A Moon for Kuiper Belt’s Makemake
Astronomers have been searching for companions to the distant dwarf planet Makemake for years. Finally, they've spotted one.
Of the four "dwarf planets" now recognized in the outer solar system, Pluto, Eris, and Haumea all have at least one moon. The fourth, Makemake, seemed to be the odd dwarf out. Astronomers used the Hubble Space Telescope to search for any companions in 2006 but turned up nothing.
Now, having tried again, they've turned up "something." As announced jointly yesterday by the IAU's Minor Planet Center and Space Telescope Science Institute, images taken a year ago show an object traveling together with Makemake through the Kuiper Belt some 52.4 astronomical units (7.8 billion kilometers) from the Sun. It's magnitude 24.8 — 1,300 times fainter than Makemake itself. And that's about all that Alex Parker (Southwest Research Institute) and his three co-discoverers know for sure about this find, whose official designation is S/2015 (136472) 1 — but which they've nicknamed "MK2."
The problem is that the object shows clearly in images from April 27, 2015, but not in another set recorded just two days later. Parker's team concludes that MK2 is playing "hide and seek" with observers, hiding in the glare of Makemake at some times and popping into view at others. That's likely if we're seeing the moon's orbit nearly edge on and if it's not too distant from Makemake itself. For example, if its orbit is circular and 21,000 km in radius, MK2 should only be observable by HST about half the time; if the radius were 100,000 km, it should be in view 90% of the time. So, statistically, the tighter orbit seems more likely; it would have a period of about 12 days.
But it's all best-guesstimates for now. As the team points out in a write-up submitted to Astrophysical Journal Letters, the Hubble images really don't constrain the orbit well. It might have a semimajor axis anywhere up to 300,000 km (with a period of nearly two years) and an inclination anywhere from 63° to 87° — it could even be going in the opposite direction.
Those uncertainties aside, the moon's discovery appears to solve an observational puzzle that's nagged astronomers for years. "When the Spitzer and Herschel space observatories looked at Makemake, the thermal emission they saw was not consistent with one material," Parker tweeted yesterday. "Instead, it seemed like most of Makemake was very, very bright, but a small part of it must be dark and warmer." But even though this largish dwarf rotates in just 7.8 hours, the "dark stuff" never seemed to go away.
However, if MK2 has a diameter of 175 km (reasonable, since Makemake itself is 1,430 km across), then its surface must be very dark — just 4% reflective — and that would go a long way toward explaining the "dark, warm component" seen in Makemake's spectrum.
As was the case following the discovery of Charon around Pluto, the existence of MK2 has wide-ranging implications both for Makemake and large Kuiper Belt objects in general:
● Once they pin down the orbit, astronomers will quickly deduce the bulk density of Makemake.
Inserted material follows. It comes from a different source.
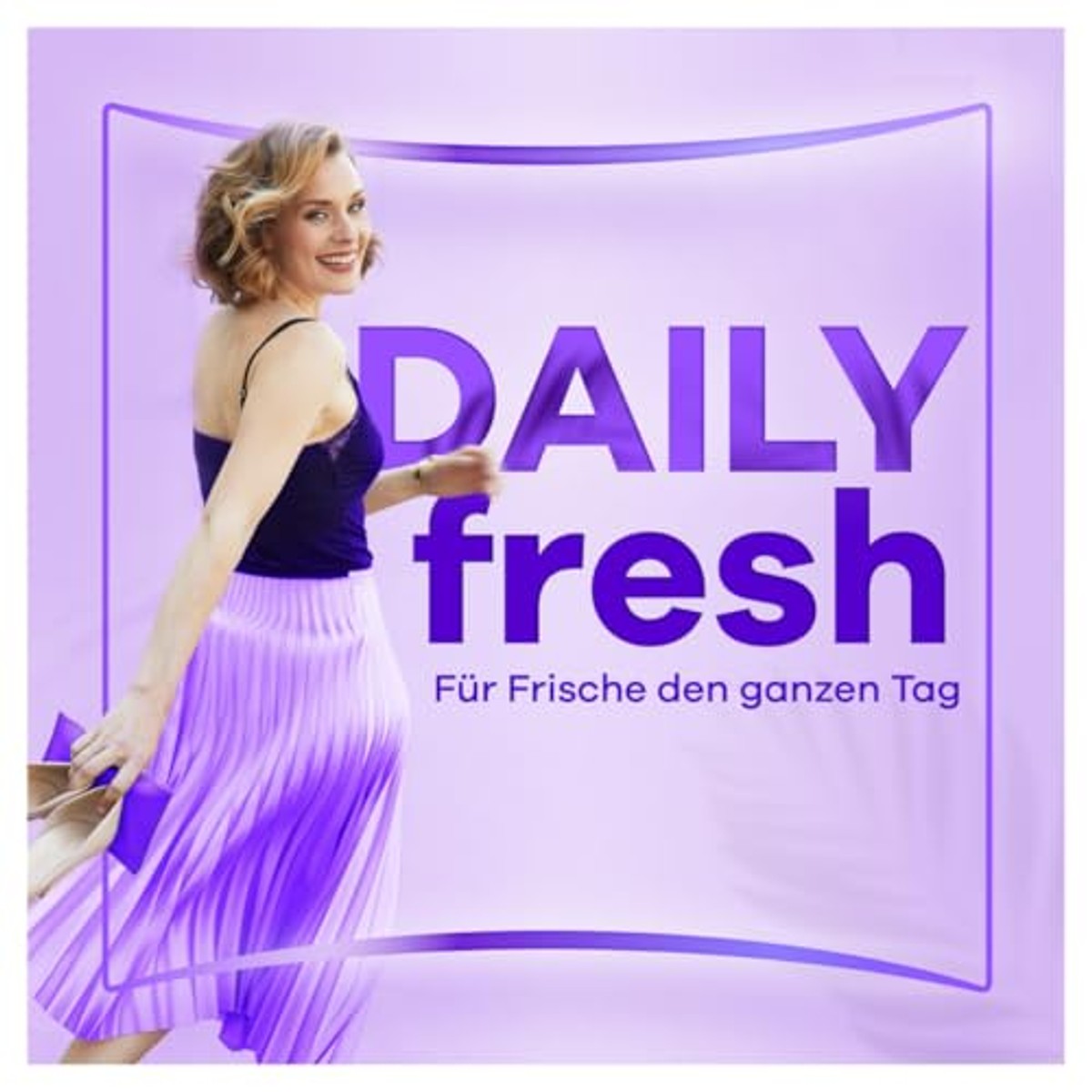 Always Daily Fresh Normal met frisse geur, 76 stuks – Always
Right now estimates range from 1.4 g/cm3 (mostly ice) to 3.2 g/cm3 (mostly rock), even though frozen methane dominates its spectrum.
● If MK2 really is dark, how did it get that way? Perhaps it was captured, or perhaps it resulted from a long-ago collision that left it stripped of any volatile material.
● If MK2 really is in an edge-on orbit, then it might soon begin a series of "mutual events" with Makemake, with the two bodies periodically passing in front of and behind one another. When Pluto and Charon did this during the late 1980s, astronomers gleaned important new details about both bodies.
● If the plane of MK2's orbit is perpendicular to Makemake's spin axis, then the entire system must be significantly tipped with respect to the ecliptic. It also means that we're currently viewing Makemake near an equinox in its 309-year-long orbit around the Sun.
● And, finally, it means that all four of the Kuiper Belt's known dwarf planets possess at least one moon. This fact, in itself, might be a big deal. As Parker and his team conclude in their submitted paper, "The apparent ubiquity of trans-Neptunium dwarf-planet satellites further supports the idea that giant collisions are a near-universal fixture in the histories of these distant worlds."
Clearly, now we need another round of Hubble imagery. "No follow-up observations have yet been made or scheduled; we wait to see if the observations will be approved by the time allocation committee in the next few months," Parker says. "Observations could be scheduled as early as this summer, but more likely early next spring."